The prints are an example of ‘functional graphics’ which, while printed in large runs, were then mostly ‘used up’ in practice, which is why historians describe them as ‘ephemeral’ printed matter. Hence the notorious ‘graphic paradox’, according to which the larger the original print-run, the slimmer the chance of copies actually surviving. Because of this, historical popular printed matter is relatively rare.
The household blessing in The Potato Eaters
As ‘good Catholics’, members of the De Groot family from rural Nuenen are sure to have made the pilgrimage on foot to Kevelaer at least once and will have brought a household blessing home with them. Price was certainly no deterrent. How can we be sure, though, that their blessing came from that particular place, rather than another popular pilgrimage site, such as Scherpenheuvel in Flemish Brabant? To answer this question, we have to examine the iconography of the traditional and formally very consistent household blessings produced in these respective places.
In both instances, the print on the left half of the sheet was dedicated to the focus of the local cult: Our Lady of Scherpenheuvel or Our Lady of Kevelaer. Each is a processional or ‘pole’ Madonna, the body of which consists of a wide, conical cloak. She holds a sceptre in her right hand and the Christ Child with her left arm. The skyline, by contrast, is different: prints from Scherpenheuvel show the famous domed basilica, those from Kevelaer the small chapel with its sprawling complex of devotional buildings.

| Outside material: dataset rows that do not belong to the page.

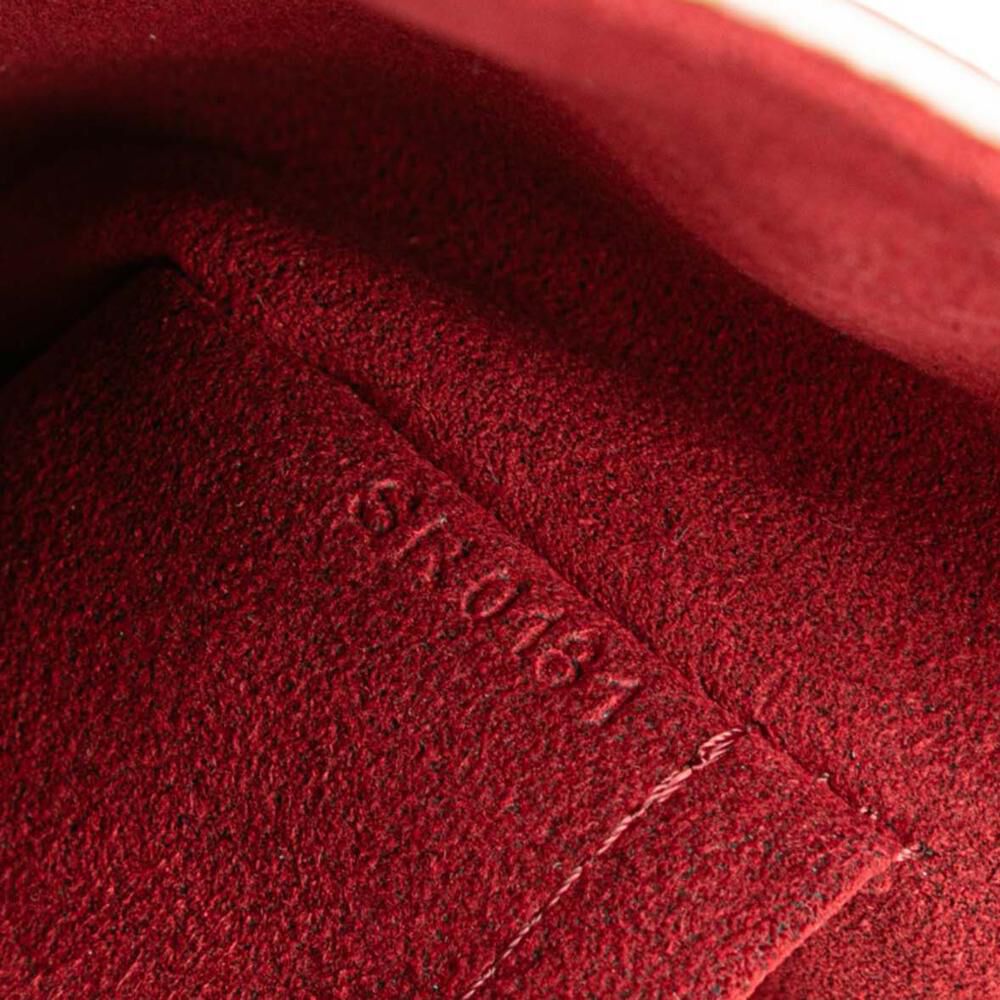 Louis Vuitton Shoulder Bags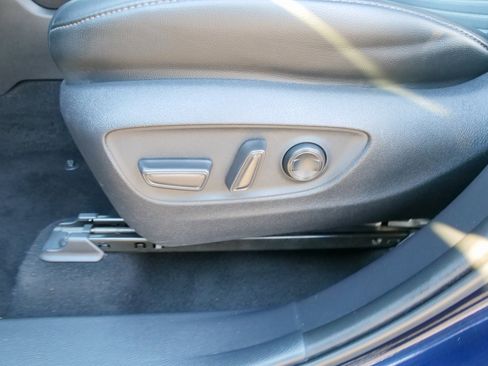 Used 2021 Toyota Highlander XSE image 17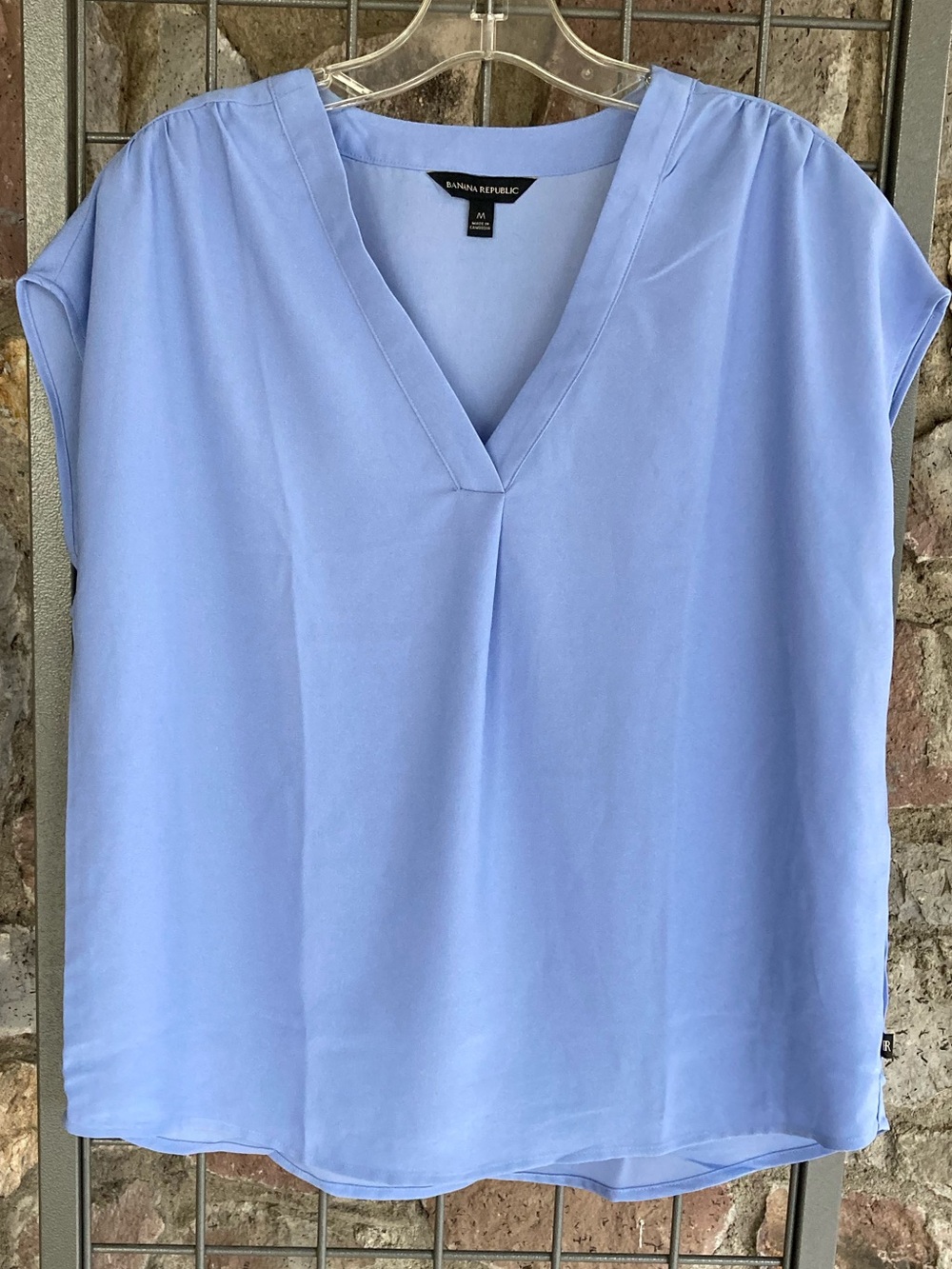 Banana Republic Sky Blue V-Neck Cap Sleeve Blouse Size Medium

As noted, however, only the right half of the household blessing is depicted in The Potato Eaters. It shows Mount Calvary or Golgotha (literally ‘Place of the Skull’, hence the skull in the picture), which does not in itself give us much to go on. Fortunately, there is a tell-tale difference between the way Calvary was represented at the two locations.
At the foot of the cross, prints from Scherpenheuvel include the Archduke Albert and the Infanta Isabella, founders of the cult there, or else a kneeling Virgin Mary on her own, her hands clasped on her knees. With her loose-hanging hair, she looks more like Mary Magdalene at first glance, but her ointment-pot attribute is missing. Prints from Kevelaer invariably show Mary and St John standing beneath the cross, and this is the configuration we find in the household blessing painted by Van Gogh.
Ritual function
Household blessings like this should not be interpreted as wall decoration: indeed, they were often kept out of sight, only revealed when the cupboard door was opened. This certainly happened when a storm blew up, driving the family indoors to huddle around the table. According to popular belief, shiny objects attracted lightning strikes and so items like cutlery were stored away in a drawer and mirrors covered or turned to face the wall. While mother stayed inside with the children and recited the words of the house blessing (or of a standard prayer if she could not read), father went outside with holy water and a palm branch to bless the corners of the house.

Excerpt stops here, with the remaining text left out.